Roberts: There was not a lawsuit. And I will say that it gets Article 2, Section 17 is a little bit subjective because it says it can only contain one subject and that subject has to be expressed in the caption or the title of the bill. So if you look at a bill, it will say this is a bill to amend the title to amend whatever of Tennessee code annotated. OK. That is the key.
So when you file a bill and you say that you want to open up Title 65 you can re-write that bill anyway you want. You can completely replace it as long as it is related that you’re amending Title 65. Adding, subtracting and amending to Title 65. You can’t go outside of Title 65. So all of the litigation in the past has been really about, was it expressed in the caption? Was it a correct caption? I talked to Glenn Reynolds.
Leahy: Ohhh, Instapundit.
Roberts: Great constitutional scholar in Tennessee.
Leahy: Professor of Constitutional Law at the University of Tennessee.
Roberts: Exactly. And he made the point that that idea of the one subject hasn’t been in court. So it gets violated a little bit (Chuckles) inadvertently by differing opinions by what that means.
Leahy: Now did you speak to Professor Glen Reynolds recently about this?
Roberts: No. Back when the improvement act was going on. I picked his brain a little bit. And he wasn’t saying anything for me to repeat on the public record. But let me just say that the guy is brilliant. And he truly is once of our best constitutional scholars in Tennessee.
He is a great resource. There have been a couple of times I’ve gone to him and said, what do you think about this? I wish he was in Nashville instead of Knoxville and I wish he could come and testify opining as to the constitutionality of things.
Leahy: He’s written several books in addition to being one of the leading constitutional scholars in the country. And if you are interested in a sort of libertarian/conservative view of the world, he was one of the first bloggers. You can go to Instapundit.com. We see it all the time. He frequently will link to Tennessee Star stories. No surprise there.
Roberts: Yeah. He was ahead of the power curve. He was very very early in that world of political blogging.
Leahy: So let me just ask you this question. There are 1500 bills up for consideration.
Leahy: I guess some members of the Tennessee General Assembly and state legislators and general members of Congress in general perhaps measure their success by the number of bills passed.
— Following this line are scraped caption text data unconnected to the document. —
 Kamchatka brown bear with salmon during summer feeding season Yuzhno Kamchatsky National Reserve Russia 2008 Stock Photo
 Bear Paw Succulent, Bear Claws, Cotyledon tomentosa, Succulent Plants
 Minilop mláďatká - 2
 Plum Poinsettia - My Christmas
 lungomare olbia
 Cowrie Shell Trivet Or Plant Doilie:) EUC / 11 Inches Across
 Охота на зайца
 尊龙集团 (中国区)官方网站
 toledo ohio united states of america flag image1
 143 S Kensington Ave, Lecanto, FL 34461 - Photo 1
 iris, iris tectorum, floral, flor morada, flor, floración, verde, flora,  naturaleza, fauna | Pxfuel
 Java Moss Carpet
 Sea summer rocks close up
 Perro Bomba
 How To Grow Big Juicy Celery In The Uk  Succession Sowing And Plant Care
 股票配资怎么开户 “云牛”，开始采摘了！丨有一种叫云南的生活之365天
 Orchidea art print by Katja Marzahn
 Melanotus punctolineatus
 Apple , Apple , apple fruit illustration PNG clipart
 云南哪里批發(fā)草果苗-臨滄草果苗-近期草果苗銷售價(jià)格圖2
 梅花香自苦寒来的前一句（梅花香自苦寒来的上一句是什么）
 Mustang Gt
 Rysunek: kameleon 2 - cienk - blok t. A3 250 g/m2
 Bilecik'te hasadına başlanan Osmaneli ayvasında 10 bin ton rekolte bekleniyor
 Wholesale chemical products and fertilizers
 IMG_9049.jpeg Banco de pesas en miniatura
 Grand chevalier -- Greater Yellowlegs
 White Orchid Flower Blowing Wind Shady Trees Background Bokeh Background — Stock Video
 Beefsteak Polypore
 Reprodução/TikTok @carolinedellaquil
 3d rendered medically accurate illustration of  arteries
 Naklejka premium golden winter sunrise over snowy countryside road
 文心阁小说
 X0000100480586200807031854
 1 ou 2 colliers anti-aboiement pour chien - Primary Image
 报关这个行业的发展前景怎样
Roberts: Absolutely. And that is a terrible metric. I had a legislator come to me one time and ask me if I had some bills that they could carry. And I said why? Well, I want to look like I’m doing something. I said, look like you’re saying no.
Leahy: See my idea is instead of having more laws, I’d like to see fewer laws.
Roberts: People need to look at a bookcase and see how many pages there are in TCA.
Leahy: TCA being the Tennessee Code Annotated which is the compendium of the current status of the law of the state of Tennessee.
Roberts: Imagine 50 Bibles on a shelf. And that’s about what we’re talking about.